2014-06-14nytimes.com

Brokers are not necessarily required to act in their customers' best interest, even if they are advising on their retirement money. While that would seem to be a basic consumer protection, in Washington and on Wall Street it has proved to be wildly contentious.

Amid fierce pushback from the financial services industry, the Labor Department, which oversees retirement plans, recently delayed releasing a revised proposal that would require a broader group of professionals to put their clients' interest ahead of their own when dealing with their retirement accounts. The department said it would release the proposed rule in January, according to its regulatory agenda, instead of this August. (Phyllis C. Borzi of the Labor Department, had signaled that it could miss the deadline.)

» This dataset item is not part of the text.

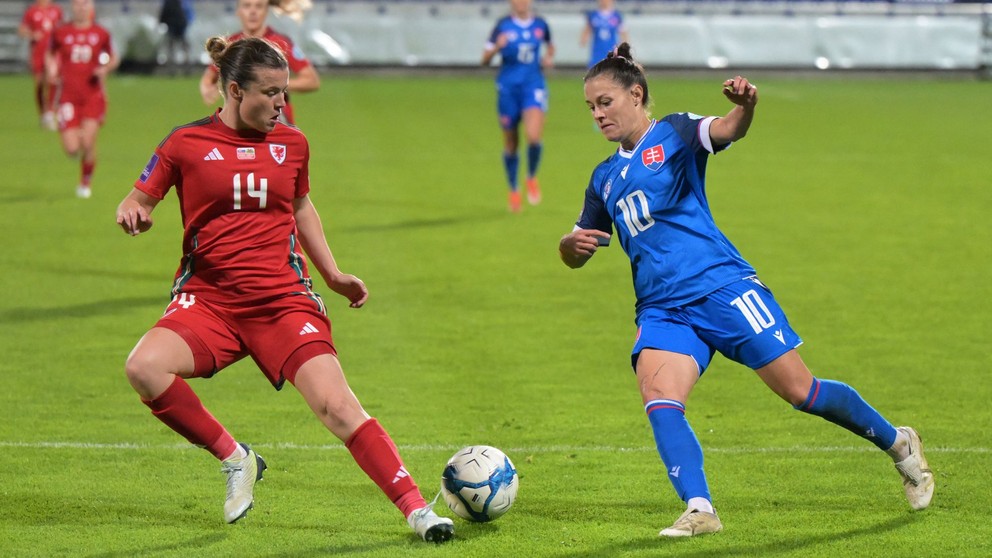 Na snímke sprava Martina Šurnovská (Slovensko) a Hayley Laddová (Wales) bojujú o loptu počas prvého zápasu prvého kola play off o postup na budúcoročné ME vo futbale žien Slovensko - Wales v Poprade 25. októbra 2024.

"They have really been stymied by the financial industry, which is spending millions of dollars to fight this rule," said Karen Friedman, executive vice president and policy director at the Pension Rights Center, a nonprofit consumer group. "All the Labor Department is trying to do is modernize a rule that is out of date."

The agency is trying to amend a 1975 rule, part of the Employee Retirement Income Security Act, known as Erisa, which outlines when investment advisers become fiduciaries -- the eye-glazing legal term describing brokers who must put their customers' interests first. The rules are stricter for fiduciaries who handle consumers' tax-advantaged retirement money compared to fiduciaries under federal securities law.

But it is easy to avoid becoming a fiduciary under Erisa, consumer advocates say, because brokers must first meet a five-part test before they are required to follow the higher standard: If the advice is provided on a one-time basis, for instance, the rule does not apply. On top of that, the consumer and the broker must also "mutually agree" that the advice was the main reason for the investment decision.